2-size vs variable-size
For actions with just 2 resources, both approaches are essentially the same; which makes sense as in both case a single proof is generated. With 3 resources, the variable-size approach is ~2x faster, and with as little as 8 resources, it is ~5x faster. I stopped here due to the large proving times for the 2-size CUs, but the scaling factor should continue increasing with the number of resources per action. These timings confirm that the variable-size proving cost is amortized across all resources, and suggests that the more resources, the larger the amortization.
| circuit | resources (consumed,created) | proving time | #CUs | alignment overhead |
|---|---|---|---|---|
| 2-size | 2 (1,1) | 10.457182298s | 1 | |
| var | 2 (1, 1) | 11.430059181s | 1 | |
| 2-size | 3 (2, 1) | 26.866941109s | 2 | 6.716735277s |
| var | 3 (2, 1) | 15.357052552s | 1 | |
| 2-size | 4 (2, 2) | 25.885114226s | 2 | |
| var | 4 (2, 2) | 15.587812528s | 1 | |
| 2-size | 8 (4, 4) | 43.110295019s | 4 | |
| var | 8 (4, 4) | 15.82804433s | 1 | |
| 2-size | 8 (7, 1) | 73.768590046s | 7 | 31.615110018s |
| var | 8 (7, 1) | 15.560026139s | 1 |
variable-size vs sigmbabus
For actions with up to ~64 resources, their difference is not that much. In the extreme tested scenario (128 resources), variable-size takes ~40 seconds, whereas sigmabus takes ~17 seconds. In general, seems that the proving overhead increases faster for variable-size CUs – in the diagram below, the blue lines grows faster than the yellow line. Looks like sigmabus-128 stabilises at 20 secs.
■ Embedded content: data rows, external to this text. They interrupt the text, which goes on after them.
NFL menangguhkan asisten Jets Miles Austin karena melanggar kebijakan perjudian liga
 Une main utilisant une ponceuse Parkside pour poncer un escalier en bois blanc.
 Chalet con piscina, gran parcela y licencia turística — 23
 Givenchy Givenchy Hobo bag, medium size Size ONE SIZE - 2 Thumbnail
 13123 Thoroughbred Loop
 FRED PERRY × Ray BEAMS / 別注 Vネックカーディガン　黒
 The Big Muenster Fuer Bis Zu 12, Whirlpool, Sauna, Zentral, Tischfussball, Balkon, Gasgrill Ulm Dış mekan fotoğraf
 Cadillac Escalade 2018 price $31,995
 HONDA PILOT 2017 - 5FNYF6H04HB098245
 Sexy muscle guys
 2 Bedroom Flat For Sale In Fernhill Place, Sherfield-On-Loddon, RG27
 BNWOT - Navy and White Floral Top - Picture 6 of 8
Cap on resources. It’s worth noting that a sigmabus CU imposes an upper bound on the number of resources that can appear in a final (balanced) transaction. Benchmarks are for up to 64 and 128 resources per transaction. There doesn’t seem to be significant differences, which is good. It means we can settle for large upper bounds. (Yes, it is bad to have a cap on resources, but note there are other factors to consider, e.g. the current Ethereum controller seems to cap at ~100 resources per tx, due to gas limit constraints.)